* Work to complete *
Write out the entries below exactly, but only from the line containing "Photo of a mid-sized" through the line containing "Sergeant Gerri Anne", and without the pictures.

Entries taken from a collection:
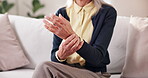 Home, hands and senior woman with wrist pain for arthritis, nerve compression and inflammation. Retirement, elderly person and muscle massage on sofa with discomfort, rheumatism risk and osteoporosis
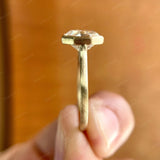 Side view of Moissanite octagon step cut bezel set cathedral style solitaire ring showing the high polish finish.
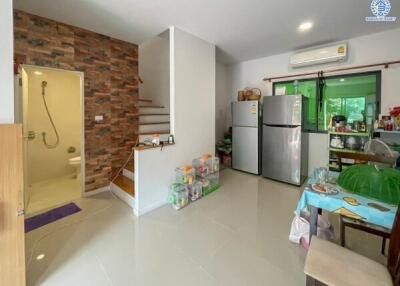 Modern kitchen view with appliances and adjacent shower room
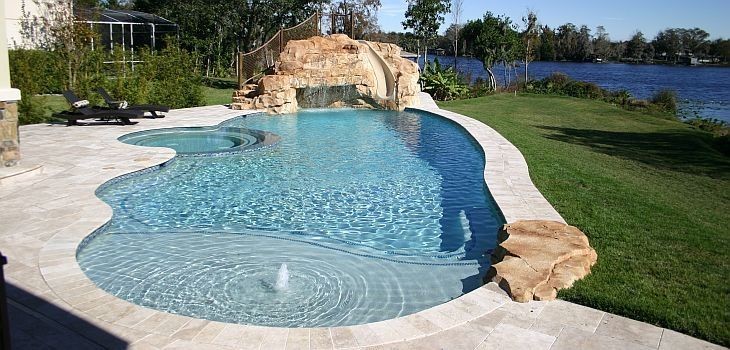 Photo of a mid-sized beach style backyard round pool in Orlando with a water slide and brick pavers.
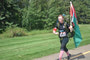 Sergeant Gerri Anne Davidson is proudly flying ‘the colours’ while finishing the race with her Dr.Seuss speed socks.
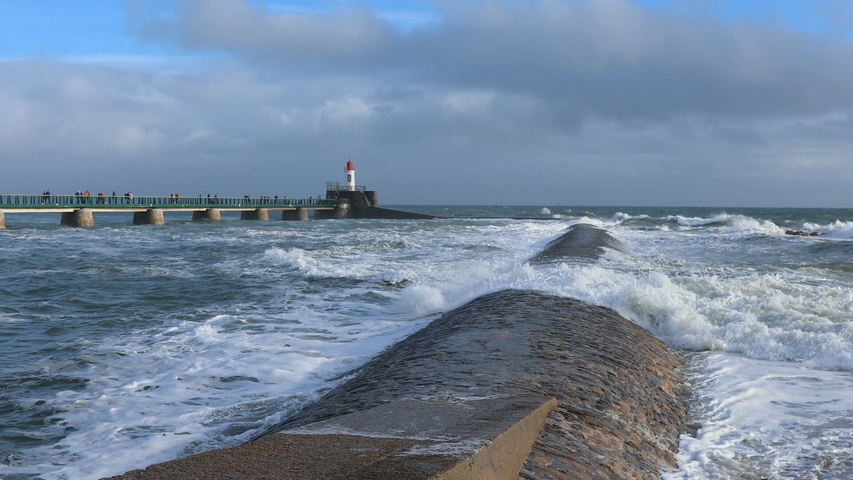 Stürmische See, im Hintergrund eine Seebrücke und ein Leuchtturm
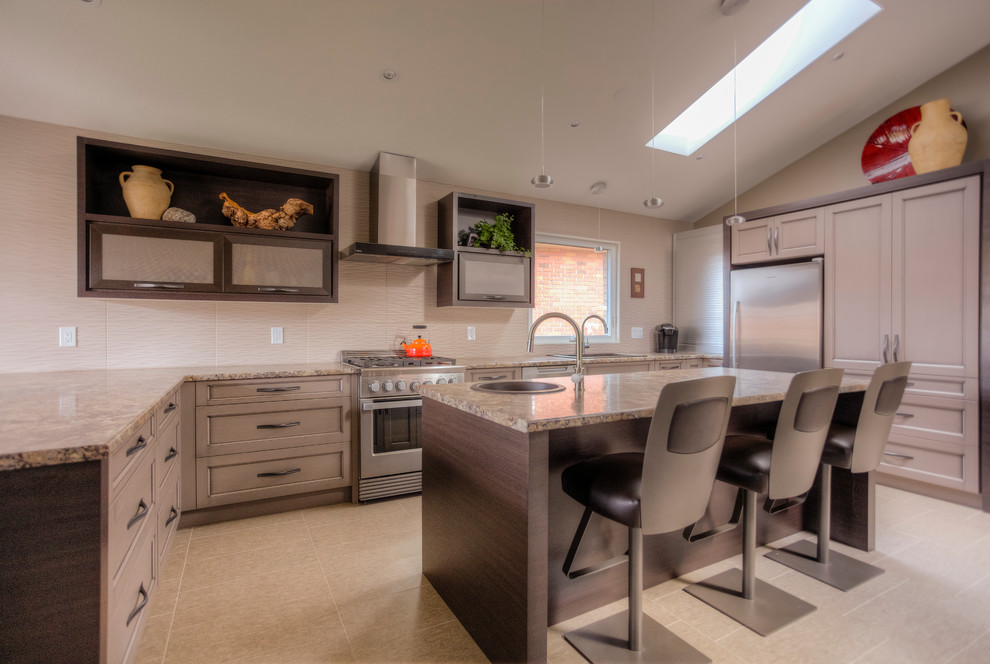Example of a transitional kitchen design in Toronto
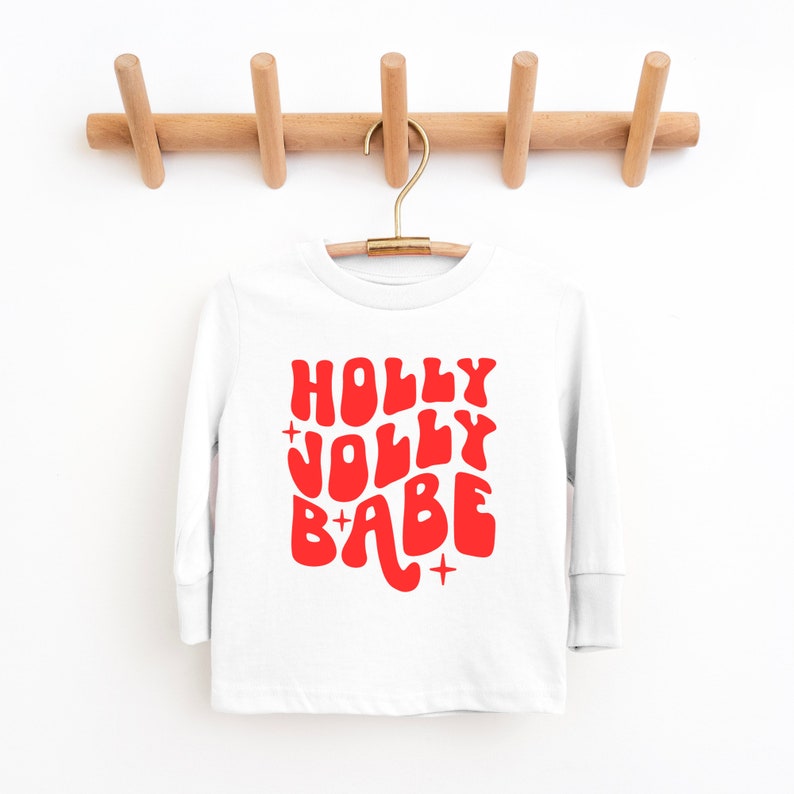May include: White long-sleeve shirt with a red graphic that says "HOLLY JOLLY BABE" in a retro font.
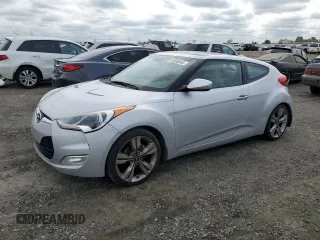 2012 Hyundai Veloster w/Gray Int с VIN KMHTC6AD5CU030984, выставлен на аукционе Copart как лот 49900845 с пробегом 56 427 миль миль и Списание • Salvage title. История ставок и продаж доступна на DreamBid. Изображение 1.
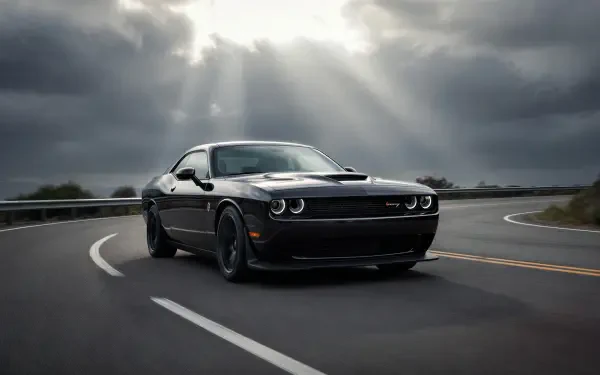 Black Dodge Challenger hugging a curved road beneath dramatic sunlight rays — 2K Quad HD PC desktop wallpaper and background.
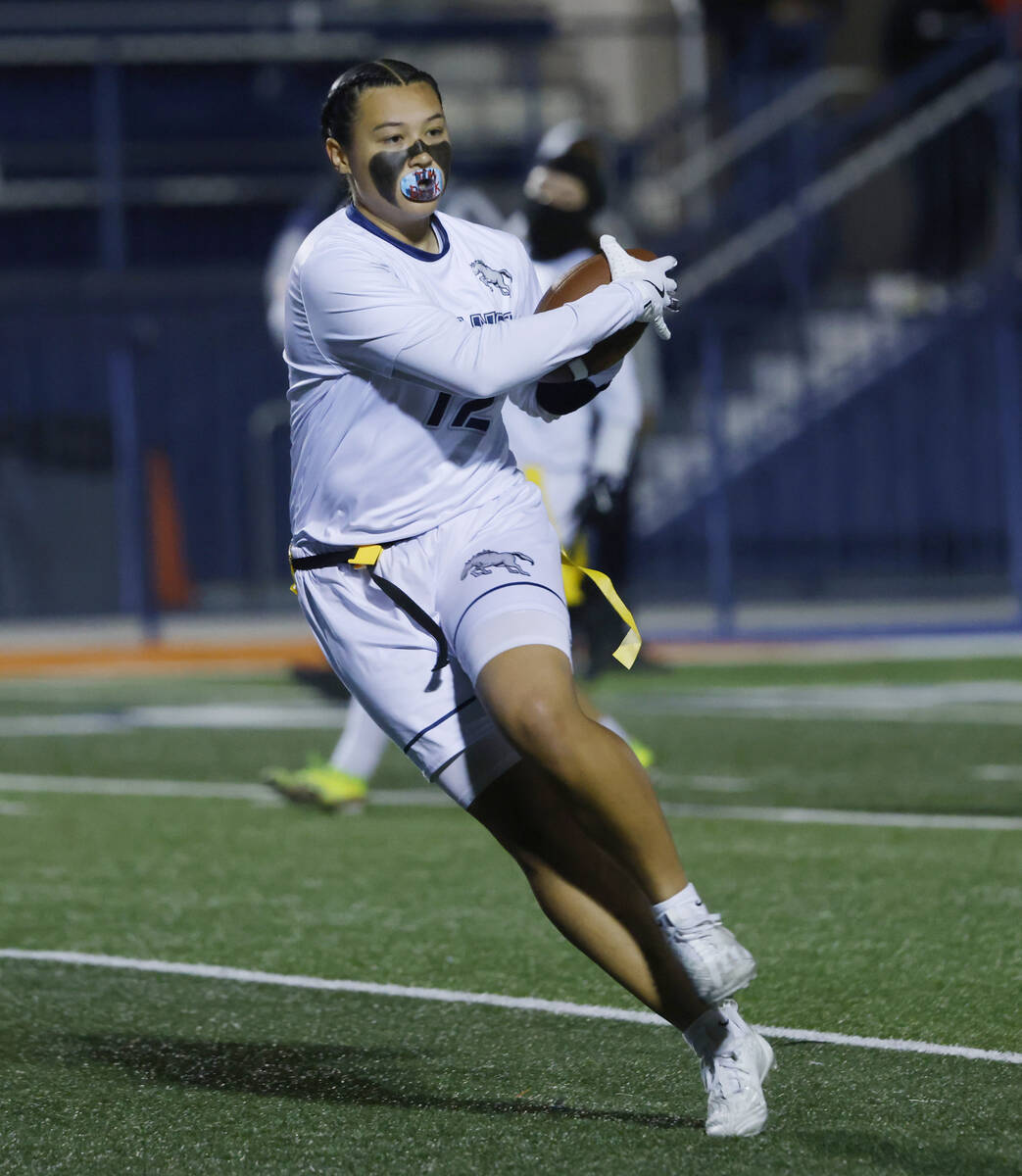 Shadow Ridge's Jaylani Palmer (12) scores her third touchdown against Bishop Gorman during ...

---

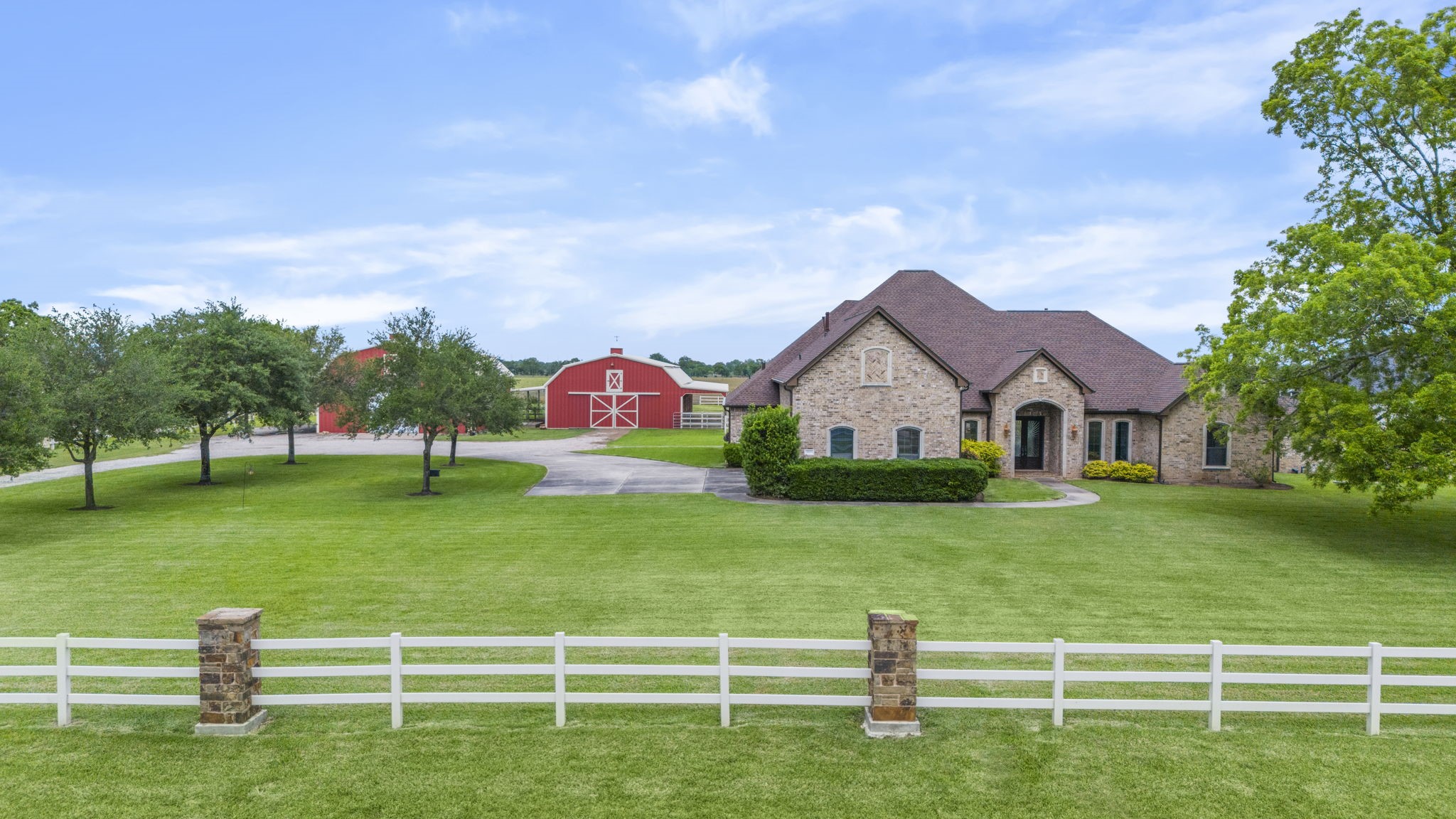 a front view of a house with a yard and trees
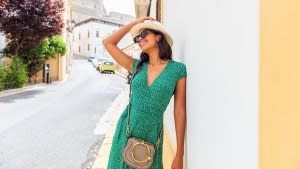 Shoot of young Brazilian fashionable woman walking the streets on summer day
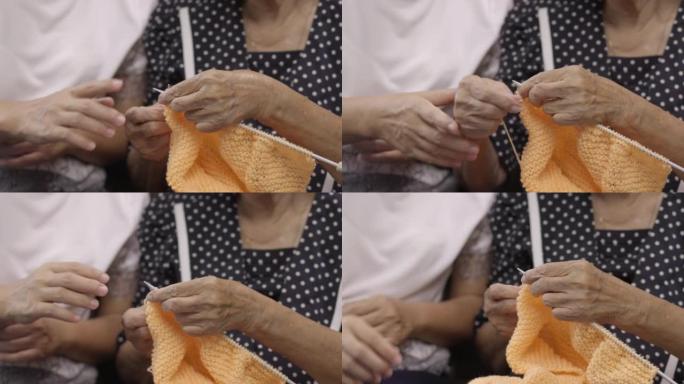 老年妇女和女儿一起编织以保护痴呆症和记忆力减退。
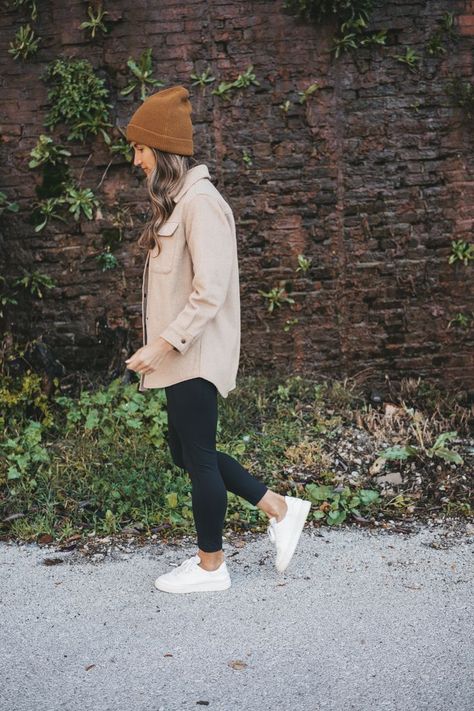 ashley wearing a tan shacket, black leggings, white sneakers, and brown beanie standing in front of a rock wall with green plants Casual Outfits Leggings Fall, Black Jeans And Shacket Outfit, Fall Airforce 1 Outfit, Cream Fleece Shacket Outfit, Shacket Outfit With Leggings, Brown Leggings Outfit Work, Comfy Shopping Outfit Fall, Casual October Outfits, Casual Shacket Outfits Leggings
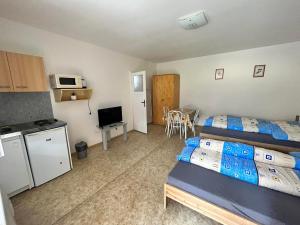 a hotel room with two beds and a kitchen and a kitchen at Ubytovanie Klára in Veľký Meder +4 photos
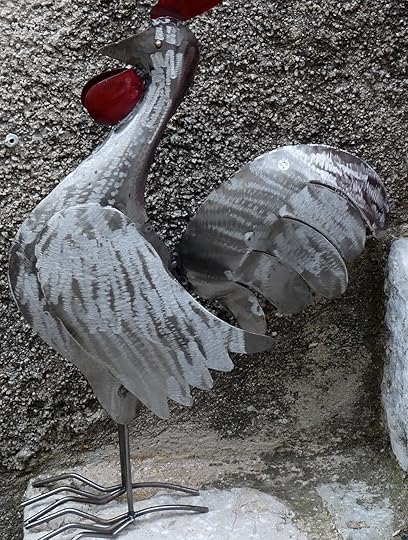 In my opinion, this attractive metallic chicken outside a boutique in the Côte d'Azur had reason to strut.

* Result below *
 Photo of a mid-sized beach style backyard round pool in Orlando with a water slide and brick pavers.
 Sergeant Gerri Anne Davidson is proudly flying ‘the colours’ while finishing the race with her Dr.Seuss speed socks.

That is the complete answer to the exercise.